◆ RECORDS SUPPLIED ◆
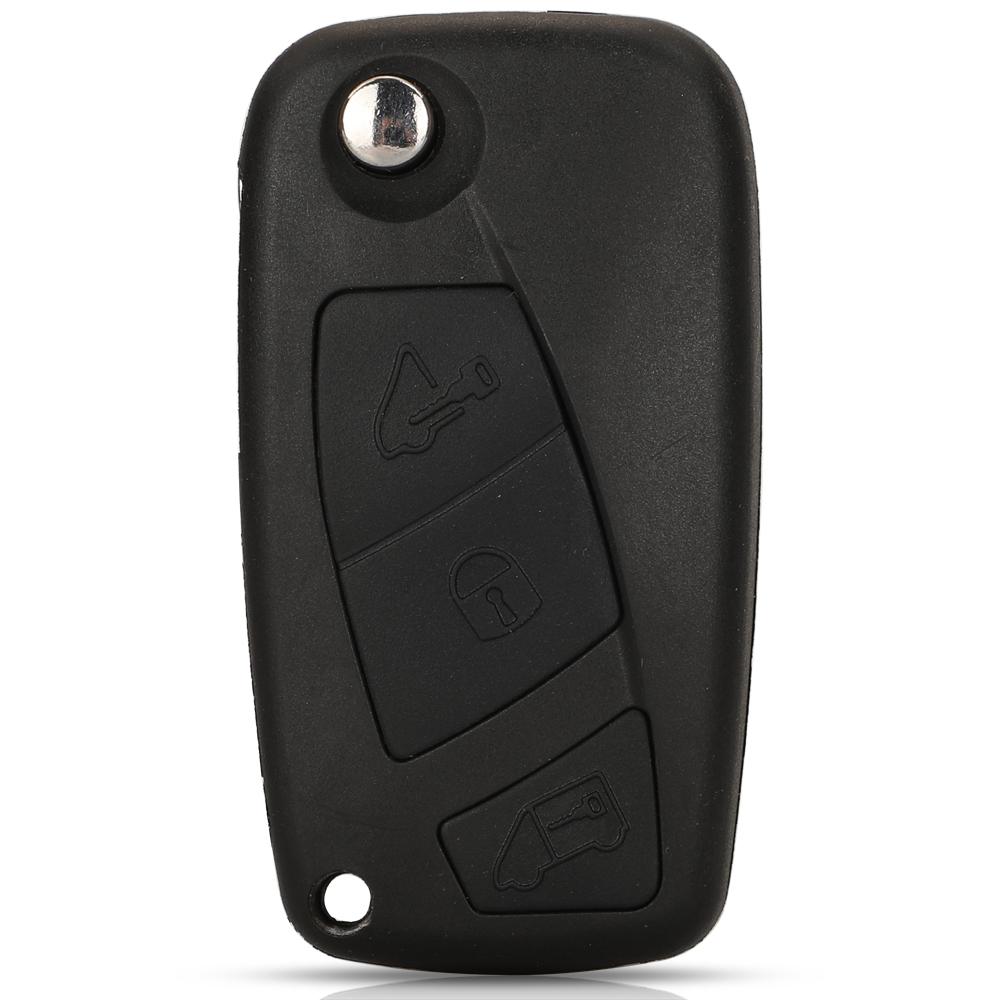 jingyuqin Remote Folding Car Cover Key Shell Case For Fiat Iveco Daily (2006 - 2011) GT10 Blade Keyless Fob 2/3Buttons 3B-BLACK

==

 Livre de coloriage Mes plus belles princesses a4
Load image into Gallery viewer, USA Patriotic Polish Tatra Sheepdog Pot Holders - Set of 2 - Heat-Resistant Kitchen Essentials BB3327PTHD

◆ WORK TASK ◆
The required output is the stretch of entries above from the line containing "Livre de coloriage" through the line containing "Load image into", reproduced exactly.

◆ WRITTEN ANSWER ◆
 Livre de coloriage Mes plus belles princesses a4
Load image into Gallery viewer, USA Patriotic Polish Tatra Sheepdog Pot Holders - Set of 2 - Heat-Resistant Kitchen Essentials BB3327PTHD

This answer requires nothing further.